Why should I use KStream or KTable?

A KTable is an abstraction of a changelog stream, where each data record represents an update. More precisely, the value in a data record is interpreted as an “UPDATE” of the last value for the same record key,

Kafka Streams is a library for building streaming applications, specifically applications that transform input Kafka topics into output Kafka topics.

KStream handles the stream of records. On the other hand, KTable manages the changelog stream with the latest state of a given key. Each data record represents an update in KTable.

KStreams are stateless whereas KTable is stateful.


I read that I can use KTable instead of log compaction

A KTable depends on a compacted state store topic. They are not exclusive options

Or it has many more features

Well, why would you use a cache or Hashmap? The same answer can be applied to a KTable. The extra feature is that it can be shared and distributed across multiple instances of your application


You can do more research on the "Stream-Table Duality".

example of ktable and kstream and what can I do?

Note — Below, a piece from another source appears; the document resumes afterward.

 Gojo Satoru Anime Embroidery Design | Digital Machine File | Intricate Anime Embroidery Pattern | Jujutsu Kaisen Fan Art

A KStream is an audit log of all, or a filtered subset of events in the topic. It's hard to quickly pick out any given event

A KTable holds the most recent keyed event from a stream and allows for fast key lookups

A counter is the simplest example; You have a stream of events (say, words from hashtags)

#kafka is great
working with #kafka today
#streaming all the things

So, that's the stream. You then need to consume this stream into an aggregated table, parsing out and counting the hashtags, resulting in key value pairs

(kafka, 2)
(streaming, 1)

However, if you were to query the table immediately after the first event (before the table consumed the remaining events) you'd only see (kafka, 1).